Editor’s Note: This is the second part of a two-part series.
Arriving back in the states after the war, Jack was held for a month to get him back to health, and debrief him. He was told, “You just forget the war, Jack, and become a good citizen.”
Yeah, right. He was plagued with dreams, and would wake up in the middle of the night screaming. One of the dreams was of the time he and a buddy had crawled off into a cave to sleep. There were other soldiers in the cave sleeping, and Jack and his buddy pushed them over to make room. When they awoke in the morning, they discovered that the other men in the cave were dead Germans soldiers placed there for hiding.
Jack turned to alcohol to help him sleep.
When he got back to Keokuk there was a big parade, and Jack was marched down Main Street in his uniform carrying a tommy gun. The mayor gave him the key to the city. He was a war hero.
Jack had several good jobs. He was a heck of a carpenter, and was a foreman at Freuhauf Manufacturing. Everybody liked Jack, including women. He was married eight times, twice to the same woman.
But he couldn’t stay sober. Or out of trouble. While drunk, he stole a feed truck to get money for booze. He was caught and sentenced to the prison farm at Ft. Madison. A train ran right through the prison farm. Jack hopped the freight and escaped. He was in Arkansas for a year, and would hop another freight train to St. Louis to mail letters to his first wife — that way the authorities wouldn’t know where he was hiding.
When he heard that his first wife was dying, he came back. He was walking down Main Street in Keokuk, drunk, when he was arrested. He was sent back to the prison farm and had a year tacked onto his sentence. The warden asked him why he had come back. Jack said he ran out of money. The warden said, “Heck, Jack. I would have sent you money. You had it in the bank.”
If anyone did anything against Jack, his first reaction, because of his war experience, was to kill. He knew this was wrong. But when a drug dealer was selling drugs to his son, Jack killed the person. Jack wasn’t caught for seven years.

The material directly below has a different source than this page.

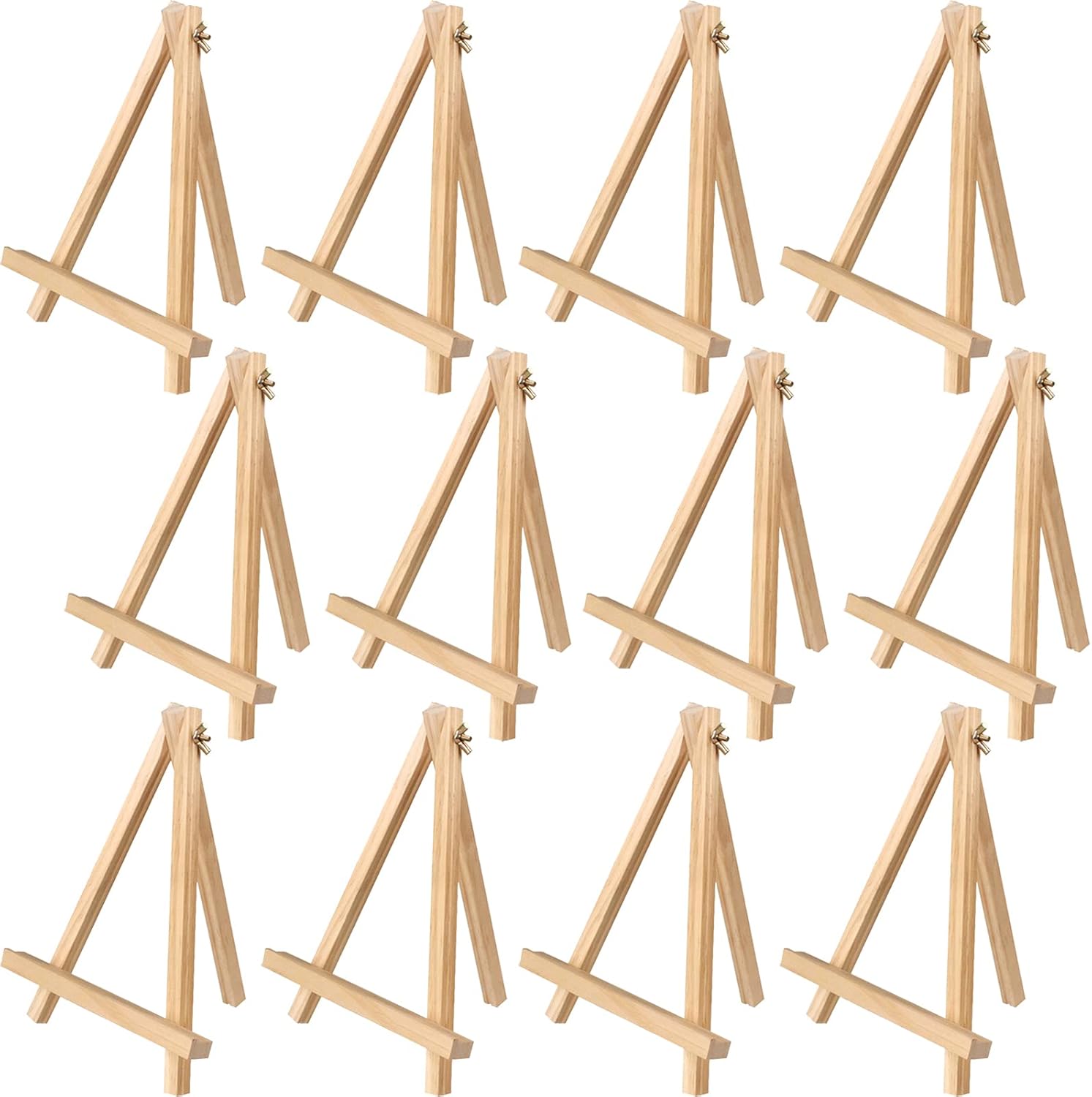 Tosnail 12 Pack 9 Inch Wooden Art Easel Stand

When he was caught, he was sent back to the Ft. Madison prison, this time for life. He was 61 years old, and prisoner # 801309.
Ironically, prison may have saved his life. He couldn’t get his hands on alcohol. But he was a heavy smoker, and still plagued with dreams. He told a prison minister that he wanted the peace that his sons had, but didn’t know how to pray. The minister asked if he had ever called out to God while in a foxhole. Jack said, “Oh, yeah.” “Well,” the minister told him. “You know how to pray. Just talk to Him.” Jack finally found the peace he was looking for.
Jack was a strict segregationist. In another piece of irony, it was the black prisoners who took care of Jack while in the prison’s hospice program. They grew quite close, and would have done anything within their power for Jack. He was a war hero. An award wining HBO documentary by Edgar Barens was made, “Prison Terminal, the Last Days of Private Jack Hall, Living With Their Sins, Dying With Their Dignity.” Jack had seven stints in his chest, and suffered from chronic emphysema.
On Sept. 9, 2006, a son and grandson were with Jack. The grandson was a minister, and prayed, “God, we thank you for the journey my grandfather has been through. We ask you to be with him on the journey that he is about to take.” Jack Hall passed away. He was 83. The Ranger made his final escape.